Cerco di rimanere solo, per riflettere e pensare a quello che dovrò dire durante il simposio serale. Entro nel sacro recinto di Delfi e salgo su per il pendio che porta al teatro. Mi fermo davanti al tesoro degli Ateniesi: un tempio dorico, piccolo e ben conservato.
Non vedo guardiani e mi scopro il petto perché il Sole lo benedica e lo colori di salute, di bellezza, di vita mentre illumina la montagna sacra. Voglio ringraziare gli dèi di avermi aiutato a non sciupare il mio aspetto con l’ingozzamento e l’inerzia. La salute corporea è il correlativo somatico della sanità mentale che è il dono più grande di Dio.
“Il comprendere (to; fronei'n) è di gran lunga il primo requisito/della felicità; è necessario poi non essere empio/ in nessun modo negli atti che riguardano gli dèi".

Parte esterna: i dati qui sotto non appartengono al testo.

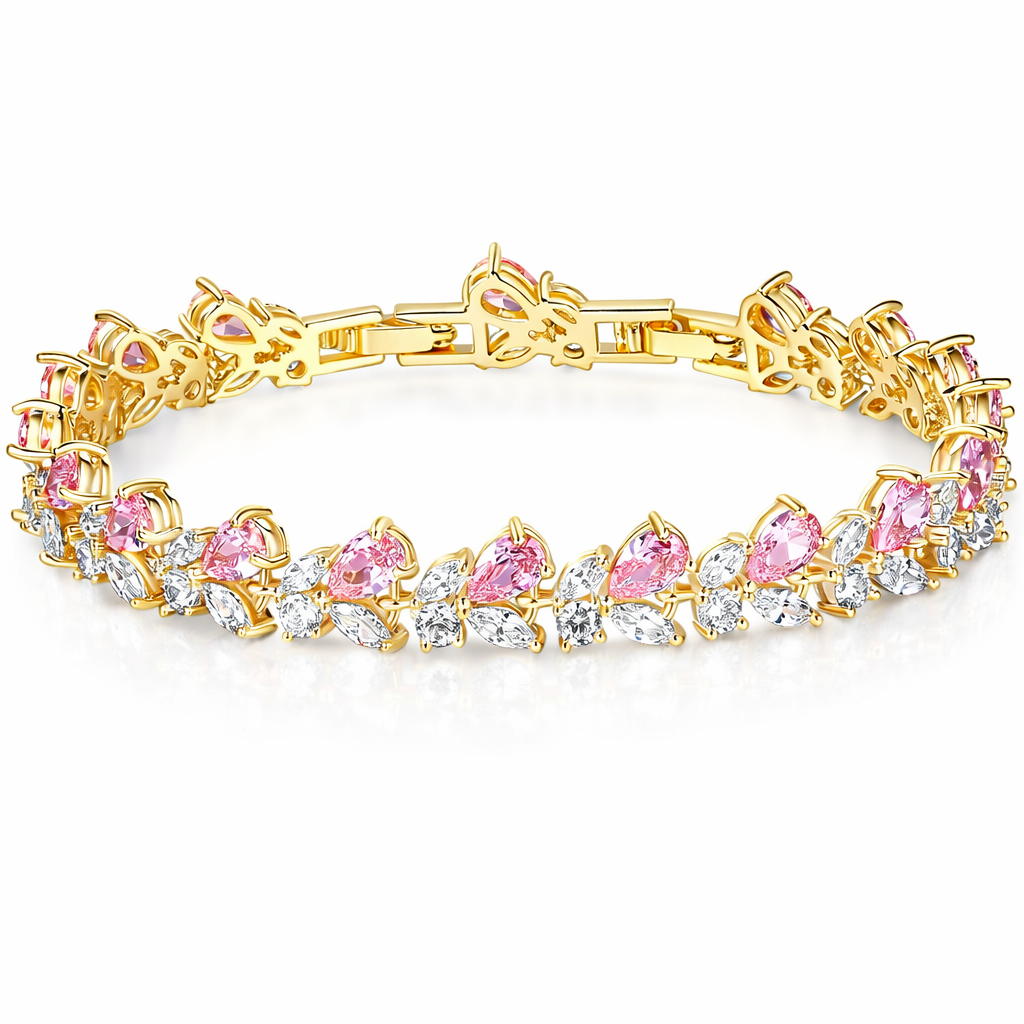Rose Petal Crystal Tennis Bracelet | Gold | Blush Pink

Queste parole del Coro concludono l’Antigone di Sofocle. A Delfi non posso prescindere dal poeta di Colono, l’aedo delfico. Nemmeno a Pesaro né a Bologna del resto.

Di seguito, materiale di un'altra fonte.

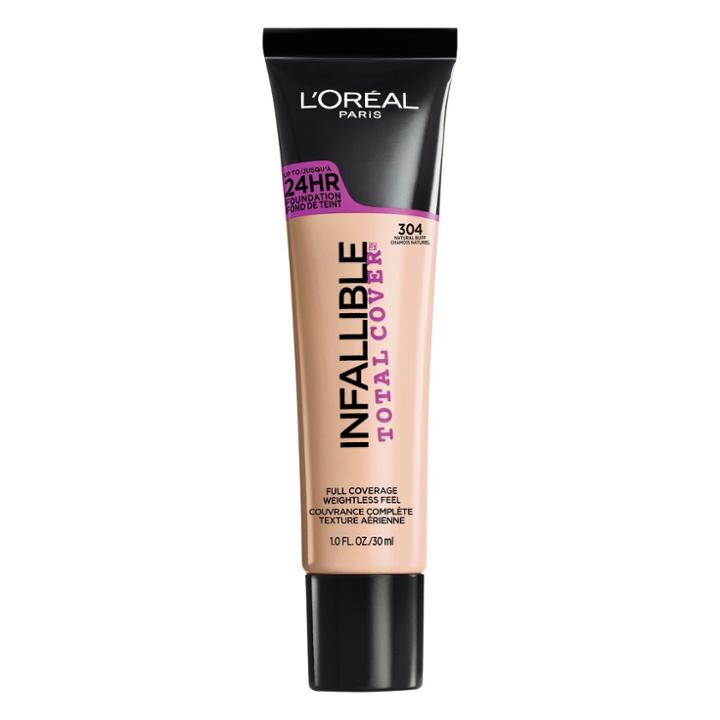 L'oreal Paris Infallible Total Cover Foundation 304 Natural Buff 1 Fl Oz, Adult Unisex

Quindi prego con parole mie. “Signore di Delfi, Apollo profeta di Zeus, a te consacro il lavoro cui per anni ogni giorno ho dato il meglio di me. Mi hai sempre aiutato; aiutami ancora. Devo insegnare a fare il bene, cioè a favorire la vita”.
La natura dà segni buoni: le rocce sono adorne e odorose di fiori gialli sorvolati da farfalle variopinte, corteggiati da vespe striate, da calabroni brillanti inebriati dal sole.

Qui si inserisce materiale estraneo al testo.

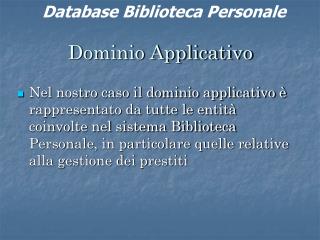 Dominio Applicativo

Proseguo su per l’erto pendio fino al teatro. L’orchestra è profanata da mimi inverecondi. Procedo per un sentiero che porta allo stadio. Dall’erba che lo costeggia fanno capolino simpatiche lucertole che dopo avere dato rapide occhiate a destra e a sinistra, attraversano il viottolo facendo guizzare il dorso verde chiazzato di giallo. Belline! Sembrano stupite, timorose e felici di essere vive. Come le mie scolare. Gli uccelli cantano fitti nella pineta e addolciscono l’aria resinosa con i loro gorgheggi. Entro nello stadio.
Prego: “signore degli agoni gloriosi e incruenti, conservami la salute, la forza fisica e il vigore mentale necessari per gareggiare sempre e non perdere mai. Che io possa essere morto quando non vorrò più venire qui in bicicletta a renderti onore. Prometto che lo farò diverse altre volte ancora”.
Torno indietro. Discendo il pendio dalla parte che da nessun sentiero è segnata, dove la natura è più reale e più sacra. Esco dal recinto e mi avvicino alla fonte Castalia. La osservo e prego di nuovo: “O fonte santa che sgorghi dall’ombelico del mondo tra queste rocce ammantate di edera e sei custodita dai bruni cipressi, asili notturni dei liberi uccelli che ora nel cielo festeggiano il dì incoronandolo di voli festosi; sacra sorgente ornata dai fiori che le farfalle baciano con ali impregnate di polline fecondatore, ti prego, dammi la forza di educare il mio popolo.
Bologna 11 febbraio 2025 ore 13, 27 giovanni ghiselli
p. s.
Intendo tornare a Delfi poi sul Parnaso in bicicletta il prossimo luglio. Se Dio vorrà.